**WHAT IS EXPECTED**.
As you write out the lines from the one containing "Becky Trout Fryxell" through the last line of the records, keep them exact and leave out pictures.

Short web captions
● ● ● ● ●
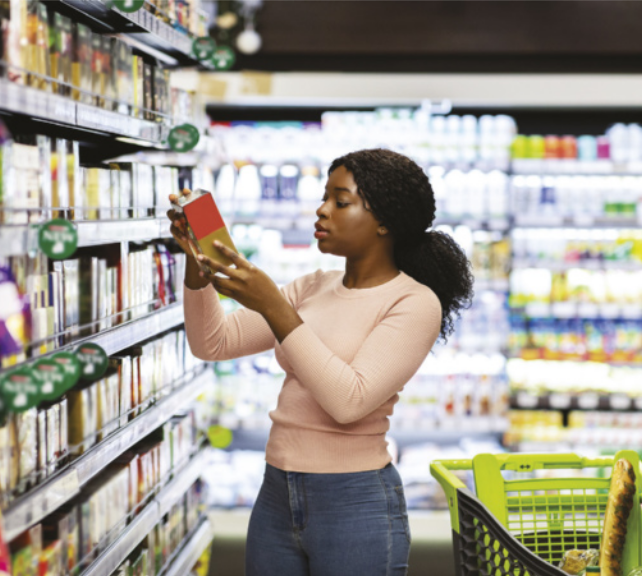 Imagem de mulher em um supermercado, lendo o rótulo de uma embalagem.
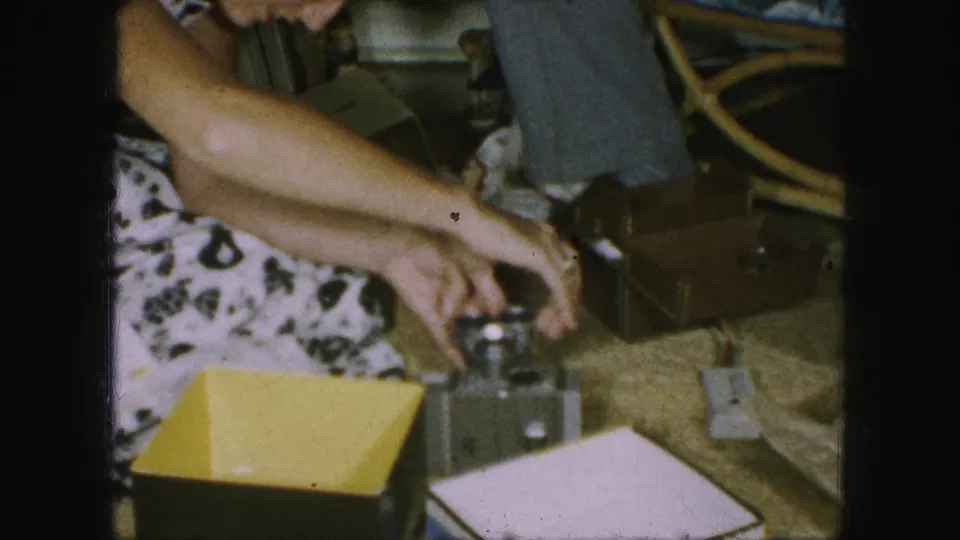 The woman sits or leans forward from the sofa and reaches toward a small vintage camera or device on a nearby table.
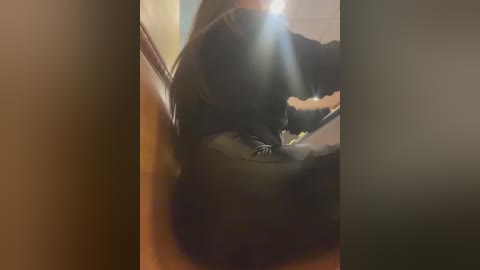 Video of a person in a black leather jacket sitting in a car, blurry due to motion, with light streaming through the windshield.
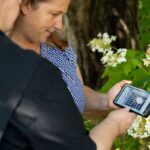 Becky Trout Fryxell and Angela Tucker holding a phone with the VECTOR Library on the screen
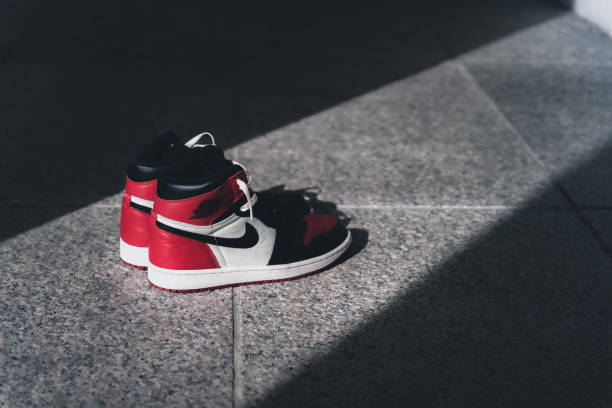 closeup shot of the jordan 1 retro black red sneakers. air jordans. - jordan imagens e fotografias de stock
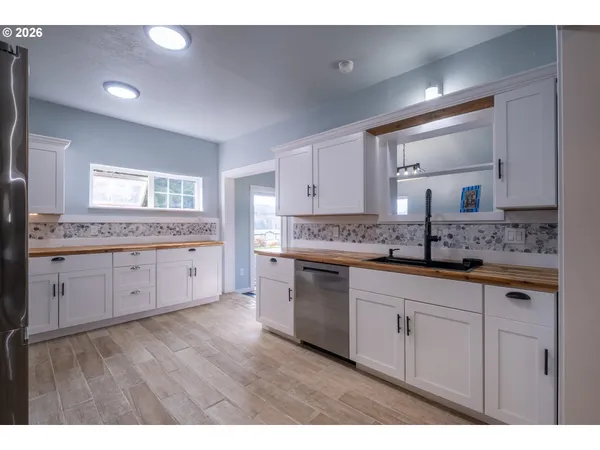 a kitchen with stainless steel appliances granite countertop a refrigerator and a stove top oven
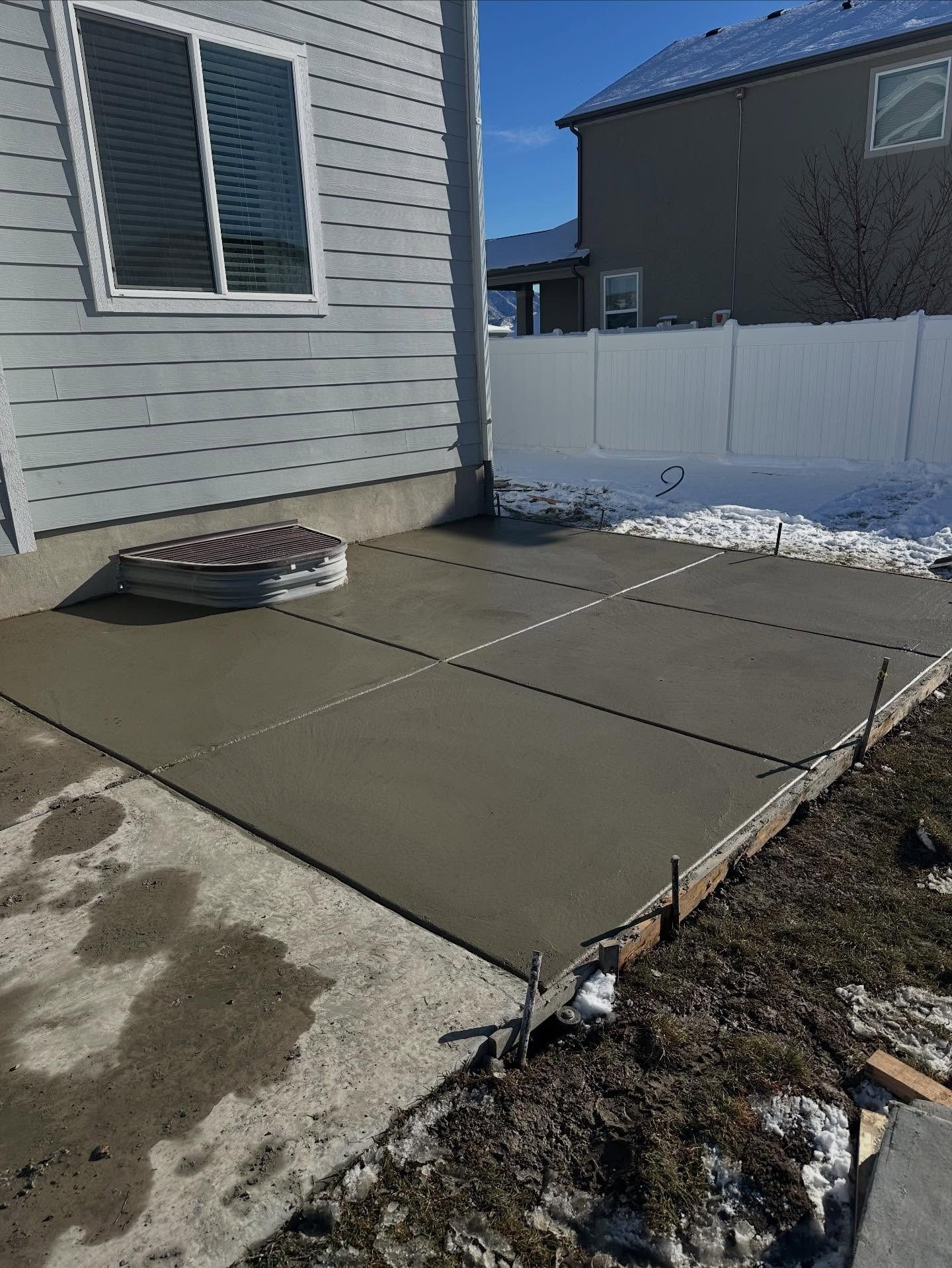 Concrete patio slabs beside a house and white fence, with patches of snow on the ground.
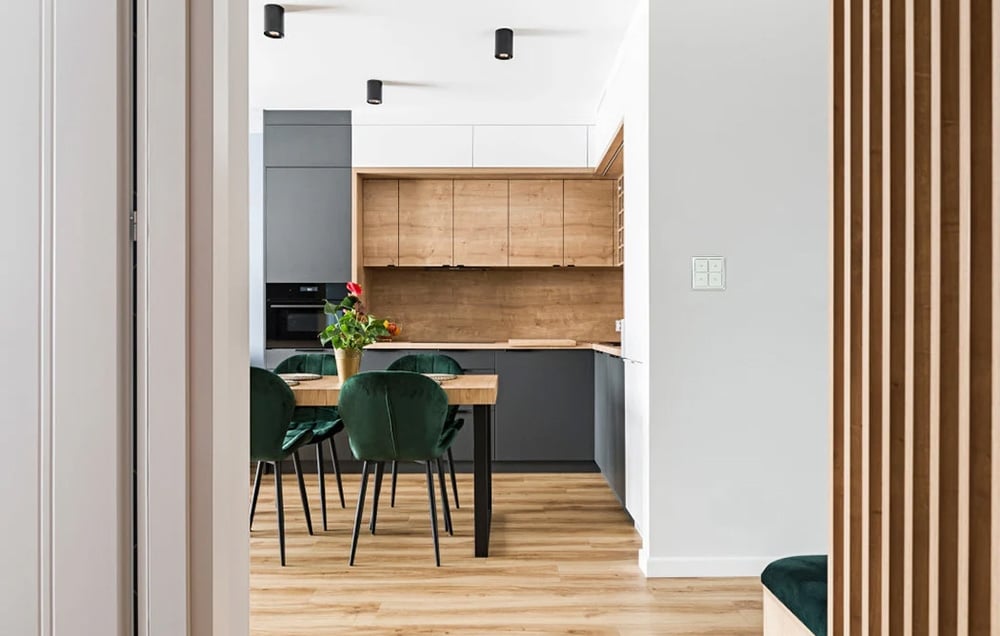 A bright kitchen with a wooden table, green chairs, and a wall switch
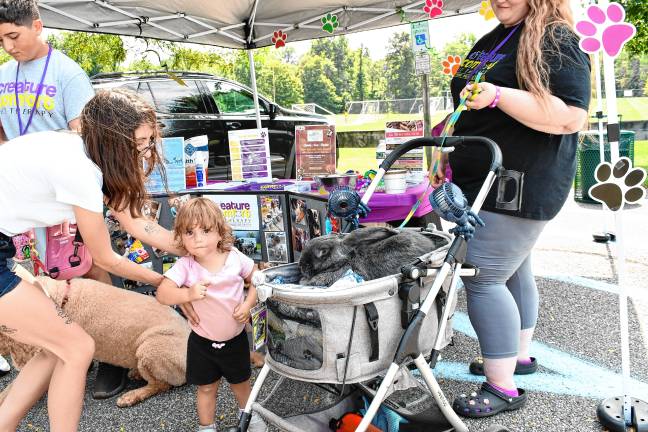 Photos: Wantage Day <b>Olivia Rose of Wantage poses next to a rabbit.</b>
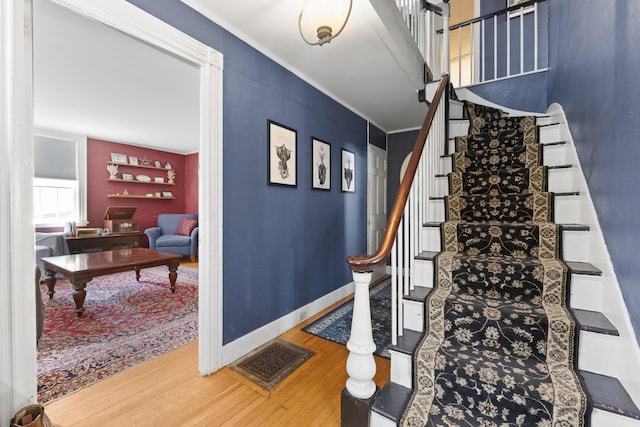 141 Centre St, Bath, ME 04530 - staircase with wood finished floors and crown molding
● ● ● ● ●
**YOUR RESPONSE**.
 Becky Trout Fryxell and Angela Tucker holding a phone with the VECTOR Library on the screen
 closeup shot of the jordan 1 retro black red sneakers. air jordans. - jordan imagens e fotografias de stock
 a kitchen with stainless steel appliances granite countertop a refrigerator and a stove top oven
 Concrete patio slabs beside a house and white fence, with patches of snow on the ground.
 A bright kitchen with a wooden table, green chairs, and a wall switch
 Photos: Wantage Day <b>Olivia Rose of Wantage poses next to a rabbit.</b>
 141 Centre St, Bath, ME 04530 - staircase with wood finished floors and crown molding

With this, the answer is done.